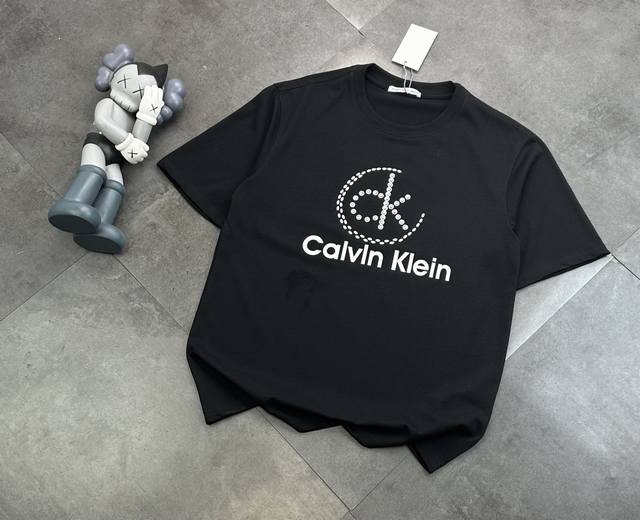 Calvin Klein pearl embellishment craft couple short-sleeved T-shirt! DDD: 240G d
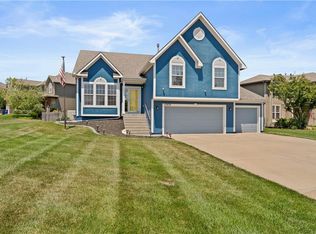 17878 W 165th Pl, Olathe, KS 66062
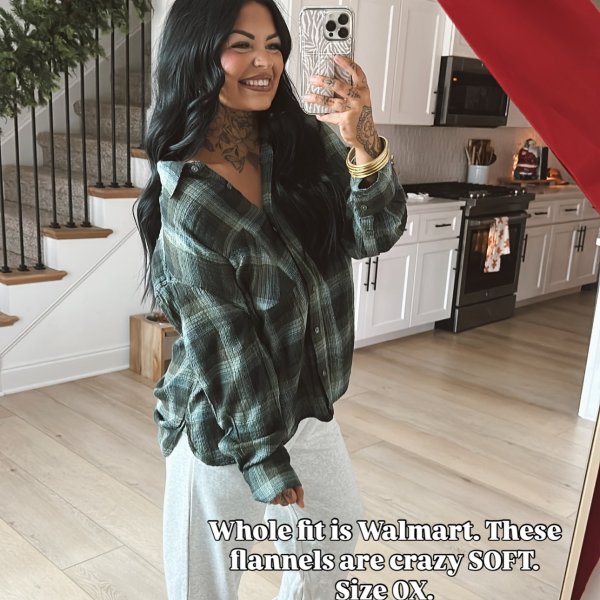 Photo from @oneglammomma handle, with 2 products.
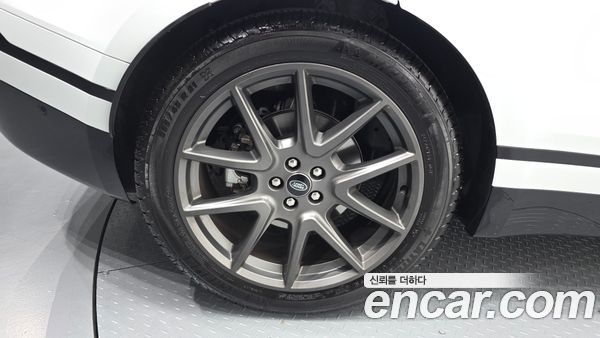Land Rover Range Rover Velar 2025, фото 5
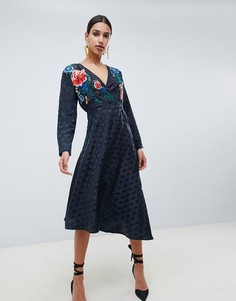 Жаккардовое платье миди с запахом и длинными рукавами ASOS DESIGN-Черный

• • • •

**Problem requirements:** Each line of the listing must be restated word for word, and the pictures left out.

**Exercise output:**
 Calvin Klein pearl embellishment craft couple short-sleeved T-shirt! DDD: 240G d
 17878 W 165th Pl, Olathe, KS 66062
 Photo from @oneglammomma handle, with 2 products.
Land Rover Range Rover Velar 2025, фото 5
 Жаккардовое платье миди с запахом и длинными рукавами ASOS DESIGN-Черный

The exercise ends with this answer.